On Friday, I was headed to Centurion on the six-lane N1 at mid-morning. There was no gridlock and traffic was flowing so smoothly, it would have made traffic-man Aki Anastasiou grin joyfully.
Then the whir of blue lights in the distance and traffic cops on motorbikes started to push drivers from the three right lanes to make way for a VIP convoy. The outriders were rude – gesturing wildly for drivers to move left, to make way for an outsized convoy of nine cars to move through at a speed that would get most of us put in jail by traffic cops.
Was former president Jacob Zuma back in town, I wondered? Toward the end of his time in office, Zuma had ballooned his convoy to 11 shiny black machines including an ambulance.
His securocrats had added about 12 outriders, six in front and six at the back.
It was true banana-republic stuff to witness, and spoke to the mindset of the president in his final days in office. At last year's ANC policy conference, Zuma moved around with a security detail of about 20 bodyguards.

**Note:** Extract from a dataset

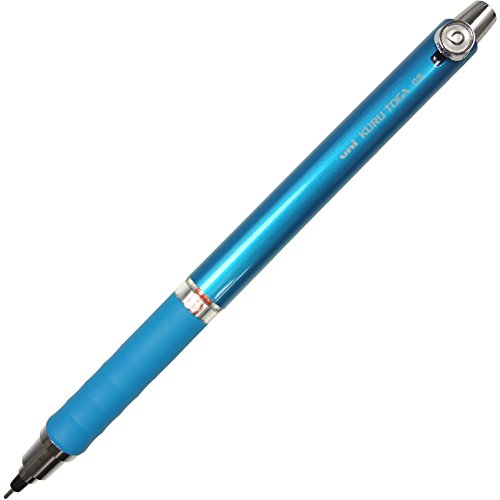 三菱鉛筆 シャープペン 正規品販売 クルトガ 国内外の人気 ラバーグリップ 0.5 M56561P.33 ブルー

At a function at the presidential guesthouse in Pretoria a few years before, I noticed they even accompanied the president to the toilet when he needed a comfort break.
Besides being a bully pulpit, convoys also suggest something far more pernicious: that leaders are above the law, and that they do not have to keep to the dictates of being punctual and timeous or driving at the speed limit.
To be honest, as a citizen, I profoundly detest convoys. They suggest an "us" and "them" distinction between leaders and the led that I thought the ANC would steer away from as a movement of the people. Years ago while visiting Harare in Zimbabwe, I had been aghast when Robert Mugabe's screaming convoy brought the capital's afternoon traffic to a dead stop as soldiers pushed drivers and commuters to a halt.
"That will never happen in my country," I thought naively. Well, it did. And, clearly, President Cyril Ramaphosa has caught the bug. That convoy on the highway last week was his, and I do hope he will drop it as a visible part of the new dawn which promises a return to servant leadership.
Besides being a bully pulpit, convoys also suggest something far more pernicious: that leaders are above the law, and that they do not have to keep to the dictates of being punctual and timeous or driving at the speed limit. It also means that they begin to live in an echo chamber, never exposed to the inefficiencies imposed on all of us through poor transport planning and policies.
With the convoys come the bodyguards (each car has at least an occupant or two and they all become security detail) – and there is every danger that the bodyguards don't protect you from danger but insulate you from your people.
When there are so many flunkies around, they tell you what you want to hear, and so "the people" become an abstract or a thing you fly past as the blue lights whirr.
Drop the convoys, Mr President – and perhaps try flying commercial too. It will win you massive kudos, but also open you up to the conversations of the ordinary – to the voice of your people.